Soil Food Webs
Soil food webs contain complex mixtures of organisms whose interactions mediate the flow of carbon (C) through ecosystems. The smaller fauna (protozoa and nematodes) in concert with larger animals (metazoa) form the machinery of ecosystem C and nutrient transformation through their interactions with fungi, bacteria, and plants. Soil surrounding plant roots, called the rhizosphere, is a nexus for this biological activity. However, It is not well understood how rhizosphere organisms control dynamics of soil organic matter (SOM) and respond to changing precipitation patterns. While interactions between roots and microbes have been intensively studied, little is known about how other members of the soil food web (fungi, fauna, and viruses) and how their interactions control the movement of C through soil. Changes in precipitation affect soil structure, water content, biotic interactions, and alter the physiology of plants, all of which can influence soil fauna abundance and composition and change soil food web structure.
Protozoa, nematodes and micro and mesofauna that require water films or relatively high moisture content to be active, produce latent but viable structures such as cysts and egg masses during drought, from which new generations of organisms arise when optimal conditions return. However, prolonged drought periods can also lead to elimination of key soil functional groups that may keep the soil environment from returning to its original functional state. To understand the effect of drought in terrestrial systems, it is important to take a holistic approach that considers all of the compartments of the soil food web and their contribution to C flow.
Arbuscular mycorrhizal fungi (AMF), obtain C from their host plant in exchange for increased access to nutrients, and can consume up to 20% of the C fixed by plants. AMF perform a variety of beneficial functions for plants, for example, they improve plants’ drought tolerance by improving osmoregulation, reducing oxidative stress, altering root hydraulic properties, and other mechanisms. However, much is still unknown about the significance of these mechanisms. While drought generally decreases photosynthesis rates, reflected in the total plant-fixed C allocated to AMF, it is possible that proportionally more C is allocated to AMF under drought conditions.
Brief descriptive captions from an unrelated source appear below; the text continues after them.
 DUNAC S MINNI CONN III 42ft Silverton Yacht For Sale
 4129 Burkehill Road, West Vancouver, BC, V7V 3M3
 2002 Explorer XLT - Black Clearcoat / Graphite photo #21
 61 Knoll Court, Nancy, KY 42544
Research at HREC, led by the Firestone lab, assessed the roles of whole food-webs in SOM transformation and stabilization by exploring how multi-domain interactions (bacteria-fungi-phages-microfauna) control rhizosphere C cycling. They explored, mapped, and quantified the complex webs of biotic interactions that mediate and control flows of plant root C into soil and thus addressed many of the foundational knowledge gaps in rhizosphere ecology.
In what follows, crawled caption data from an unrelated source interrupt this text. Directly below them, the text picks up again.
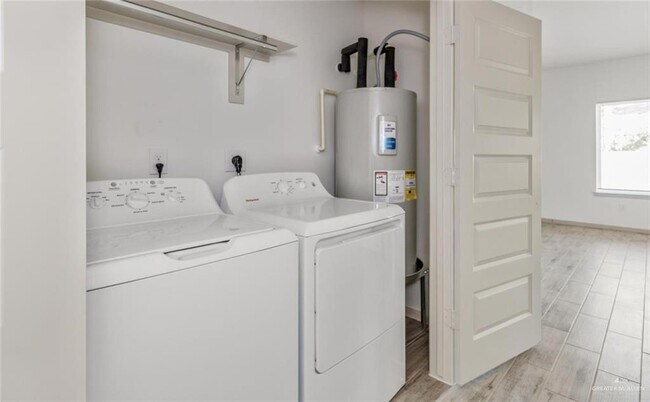 Building Photo - 10 Shavano Dr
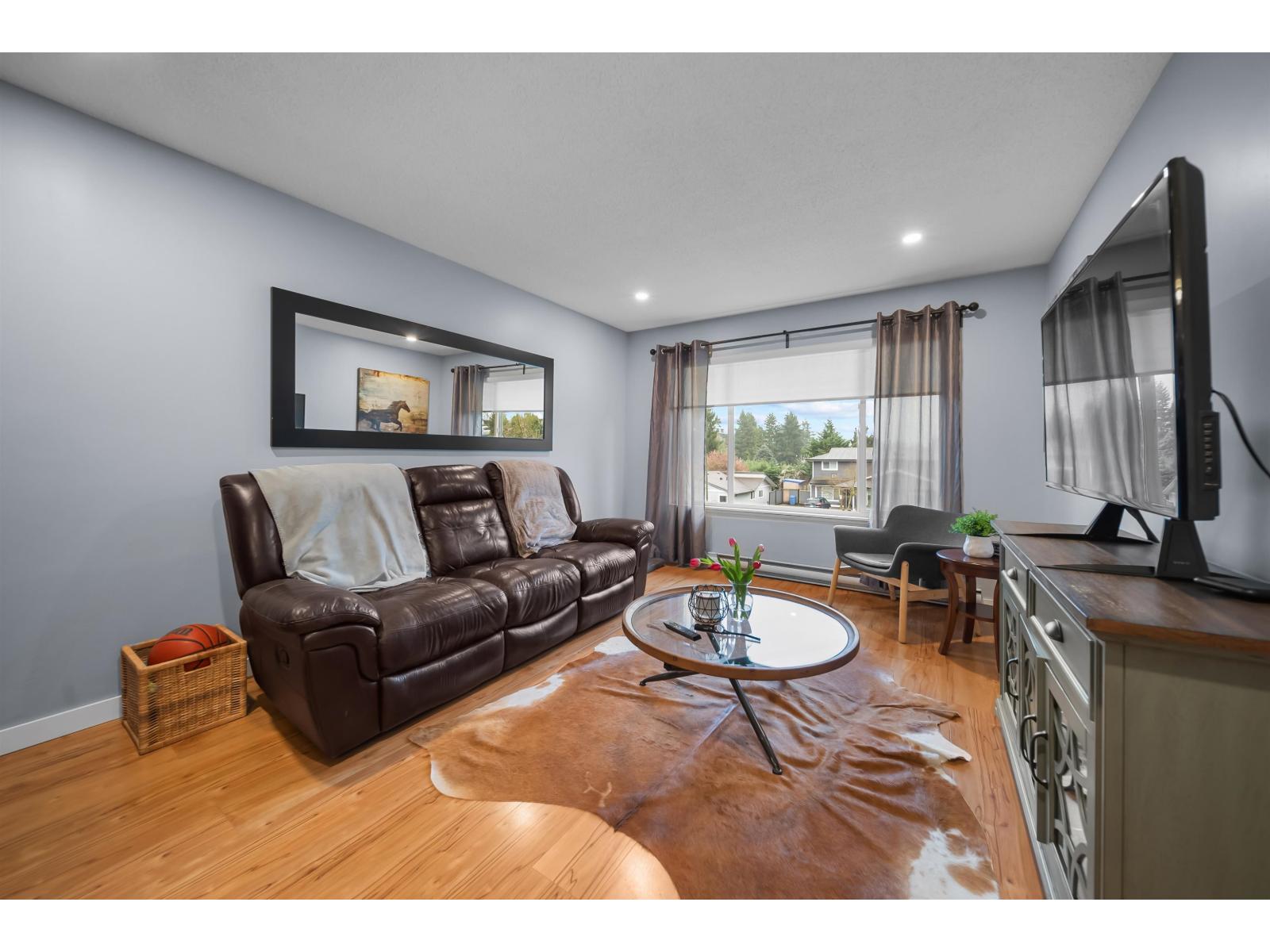 2731 SANDON DRIVE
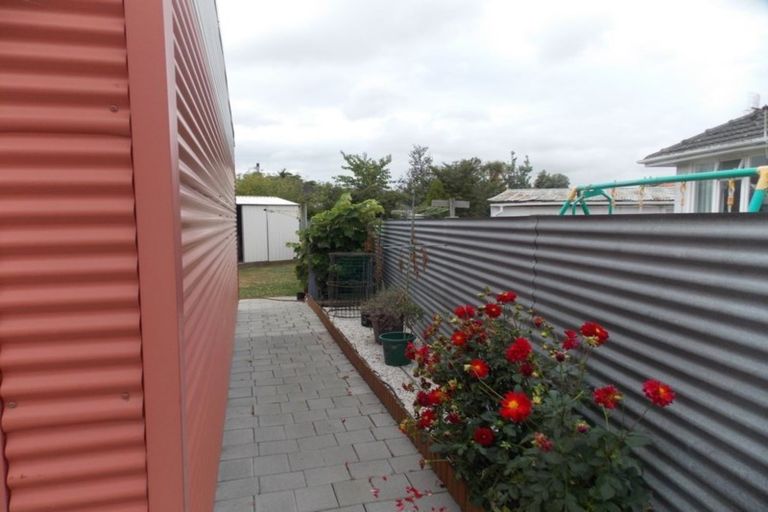Photo of property in 4 Warwick Place, Awapuni, Palmerston North, 4412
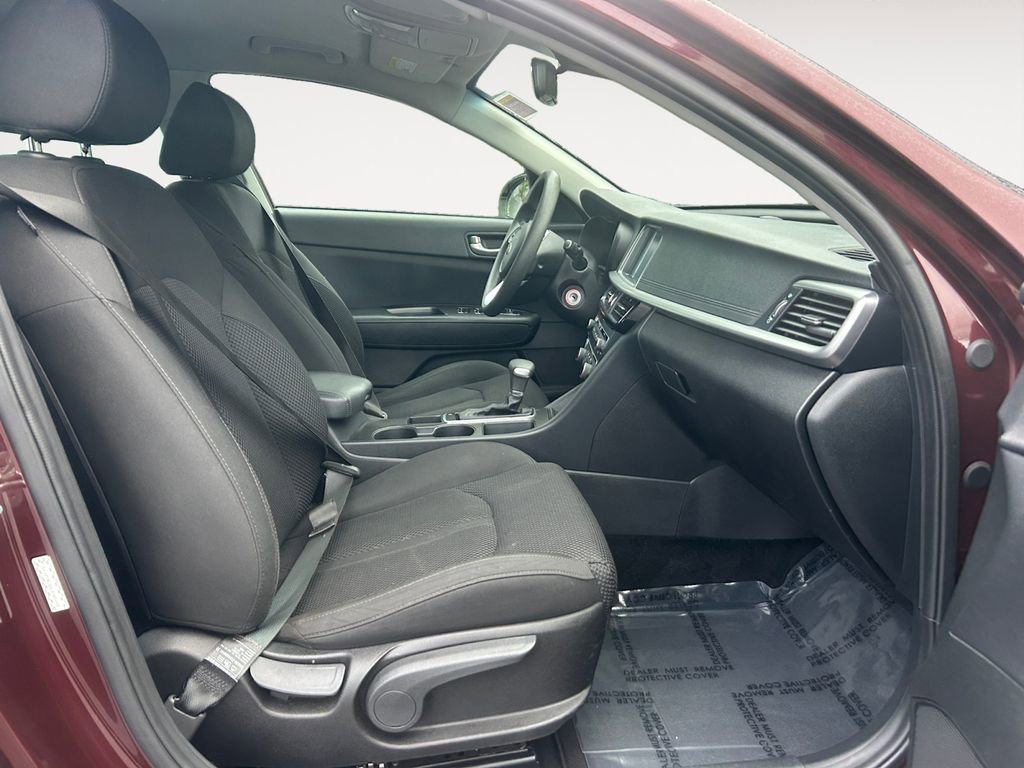 Used 2020 Kia Optima LX image 10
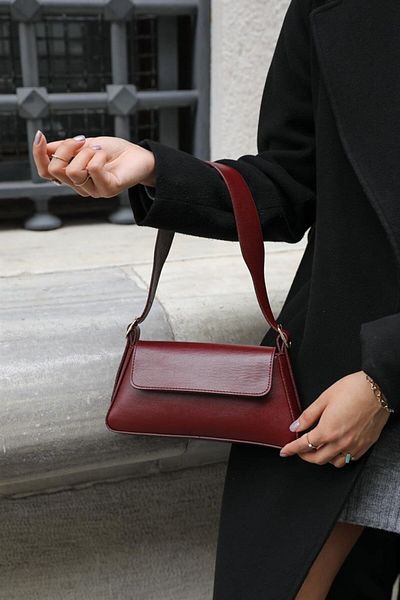 Madamra Claret Red Damen-Schultertasche mit schlichtem Design und Überzug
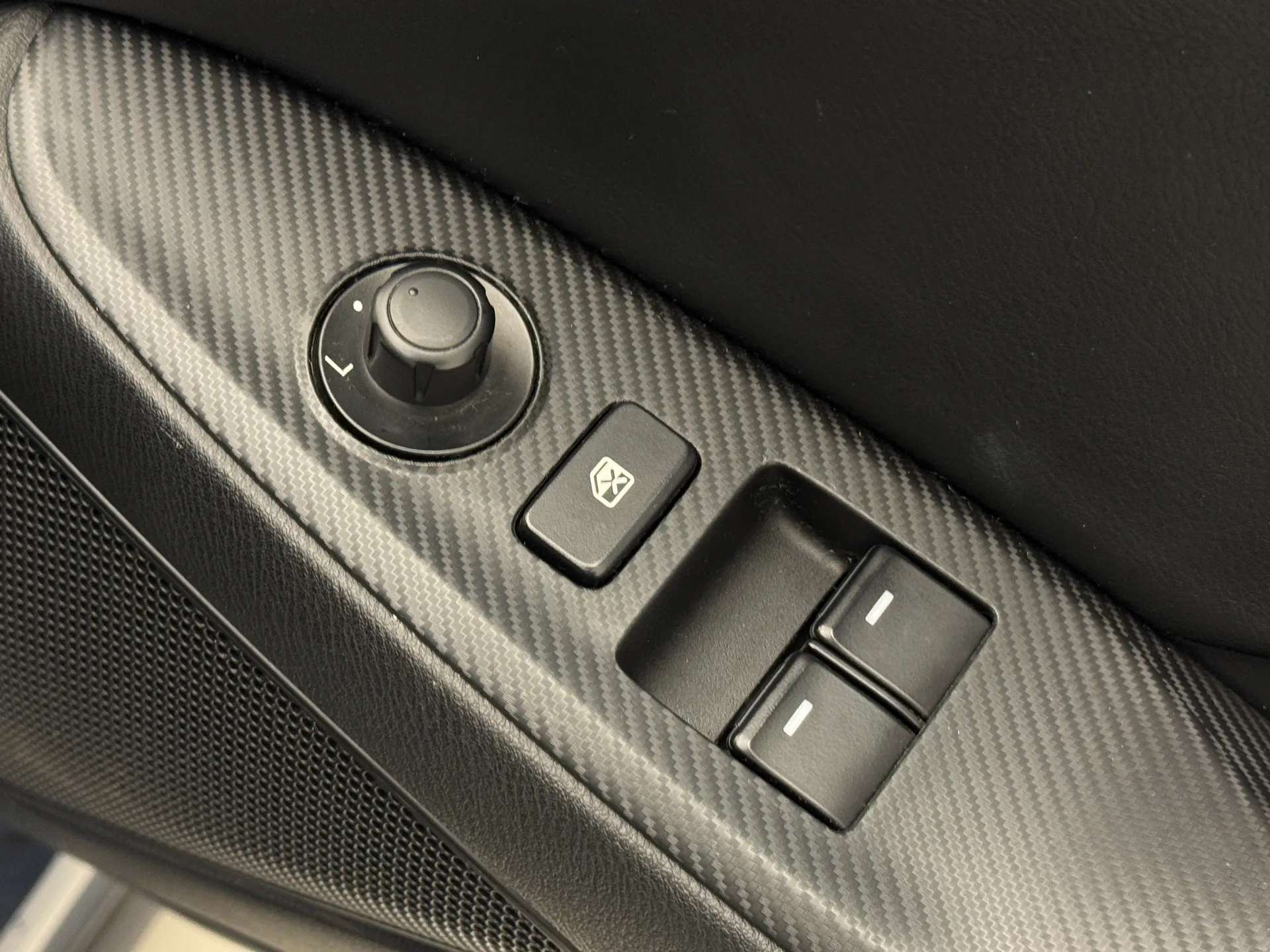 2021 MAZDA MX-5 2021 MAZDA MX-5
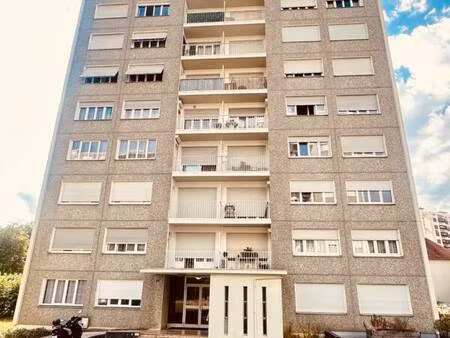 exclusivite appartement de type 5 de 95 m2 a renover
To achieve these goals, researchers formed a multidisciplinary team, with expertise in microbial ecology, soil fauna, fungi, community systems biology (genomics, proteomics, metabolomics), stable isotope probing, and the theory, and analysis and modeling of ecological networks (including food-web modeling). Using a combination of molecular methods and isotope techniques, they quantified the amount of root C redistributed by arbuscular mycorrhizal hyphae (AMF) into soil and applied multi-omics analyses to identify (and follow) phage and their role in C cycle in rhizosphere soil. Combining these gene-based and metagenomic-based technologies with stable isotopes allowed the researchers to follow C from roots to faunal food sources, to faunal predators, and ultimately to CO2 in heavy fractions of soil. By integrating experiments, network theory, and modeling, they generated a broader systems-level understanding of these exceedingly complex interactions.